The Nikkei closed 2.36% lower at 40,126.35, after falling earlier in the day to 40,104.22 - its lowest since July 2. A week earlier, it had jumped to a record high of 42,426.77.

Volatility spiked, hitting the highest level since May 9 at one point.

Chip-making-equipment giant Tokyo Electron was the biggest drag on the Nikkei, slumping 8.75%. Peer Disco was the biggest percentage decliner, dropping 8.83%.

The outsized drag from tech was clear in the relative performance of the broader Topix index, which fell 1.6%. A sub-index of growth shares slid 2.04%, while a value share gauge lost 1.18%.

US chip shares sold off sharply overnight, with the Philadelphia SE Semiconductor Index shedding 6.81% after a report that the United States was mulling tighter curbs on exports of advanced semiconductor technology to China.

Remarks from Republican presidential nominee Donald Trump saying key production hub Taiwan should pay the United States for its defence then deepened the rout.

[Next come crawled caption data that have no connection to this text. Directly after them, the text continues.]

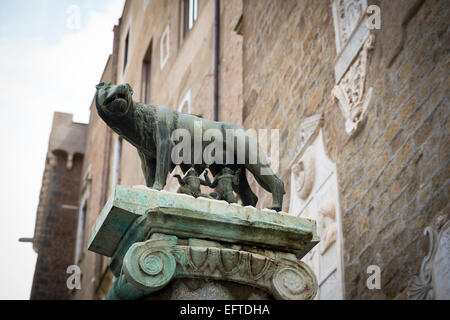 Statue von Romulus und Remus und die Wölfin. Piazza del Campidoglio. Rom, Italien. Stockfoto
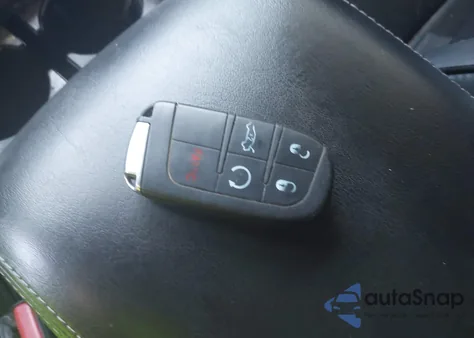 2018 Chrysler 300 Limited из США, поврежденный, VIN 2C3CCAKG3JH300086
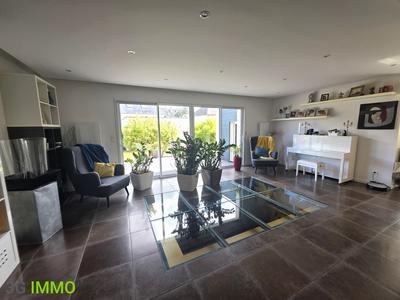 Maison - 330 m² - 9 pièces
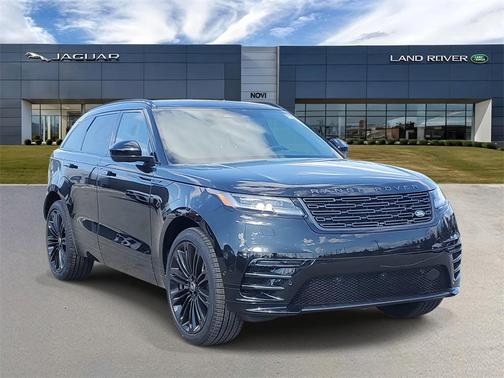 2026 Land Rover Range Rover Velar Dynamic SE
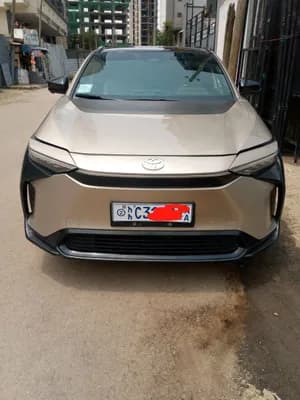Toyota BZ4X EV 2022 214HP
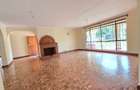 5 Bed House with En Suite at Mountain View Estate - 7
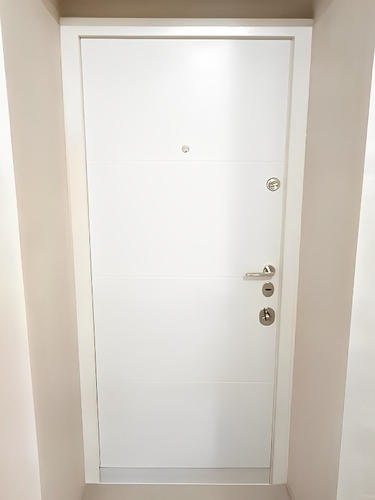 Панель белого цвета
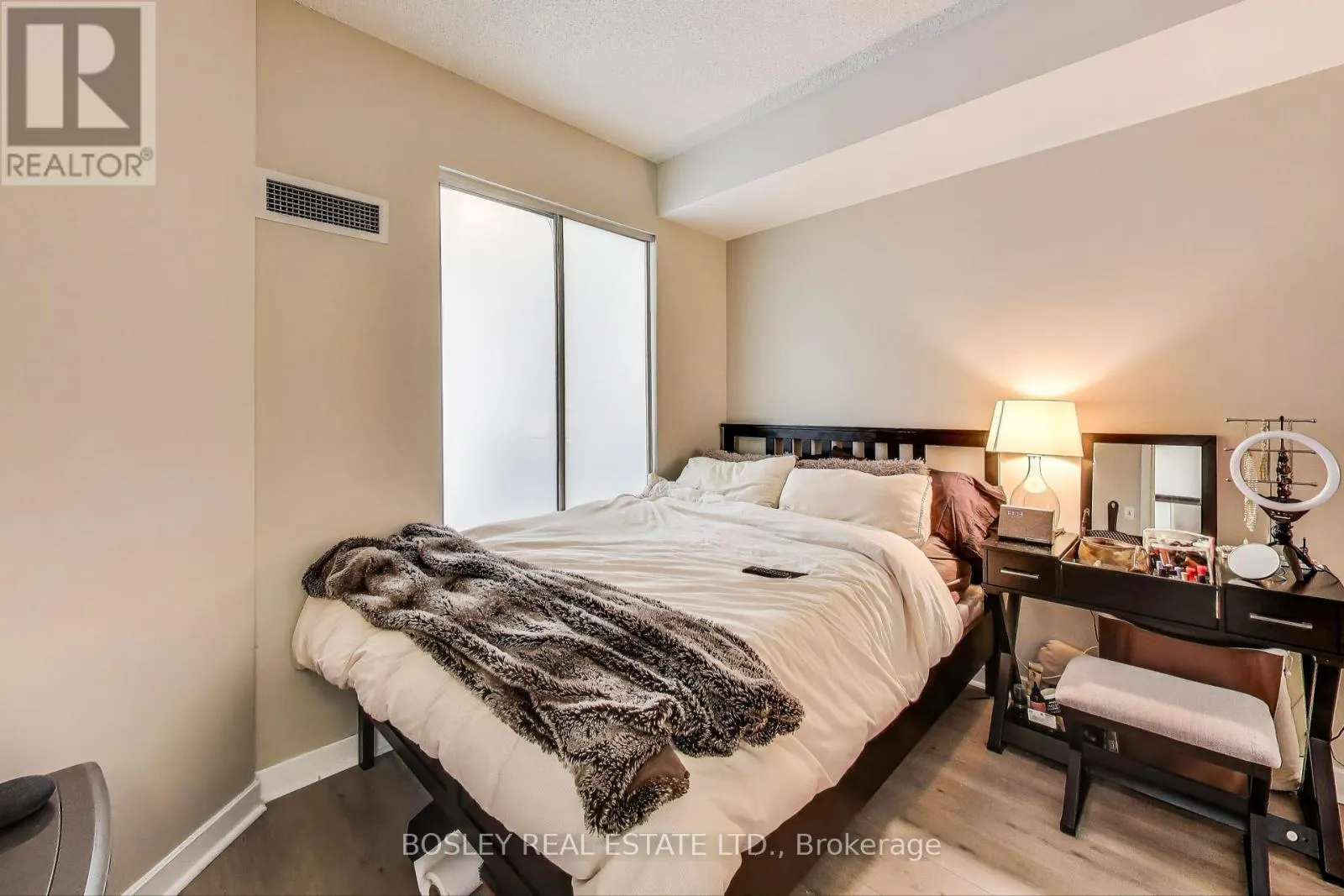 1007 - 85 BLOOR STREET E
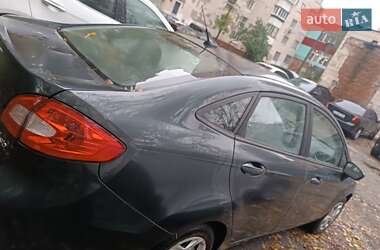 Седан Ford Fiesta 2010 в 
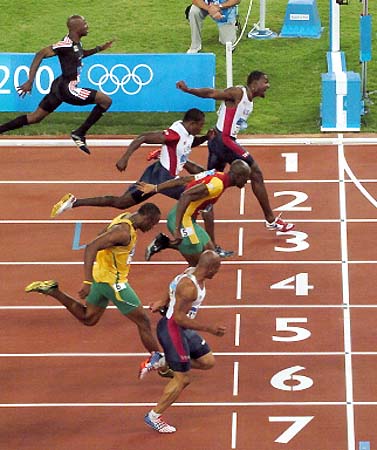 目前世界百米飞人排名,人类百米的极限速度是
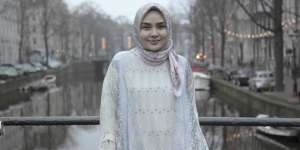 Cerita di Balik 'Hanacaraka', Koleksi Scarf Ria Miranda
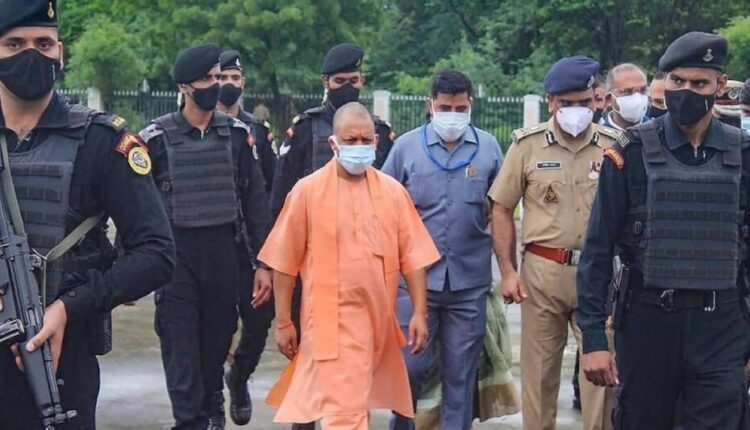 the-youth-tried-to-enter-the-security-convoy-of-cm-yogi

Among the Tokyo Stock Exchange’s 33 industry groups, precision machinery was the worst performer, dropping 3.58%, followed by machinery, which lost 3.48%, and electric machinery, which slid 3.4%.

Disco was due to report its financial results after the market close, marking the start of the tech earnings season in Japan.

“From next week, when the earnings season properly kicks off, we should see some differentiation in stock performance,” said Maki Sawada, a strategist at Nomura Securities.

Elsewhere, the transport equipment sector declined 3.17%.

The yen has surged from as low as 161.81 per dollar on July 10 to as high as 155.375 on Thursday, amid several rounds of what appears to have been official Japanese intervention. A stronger yen reduces the value of exporters’ overseas revenues.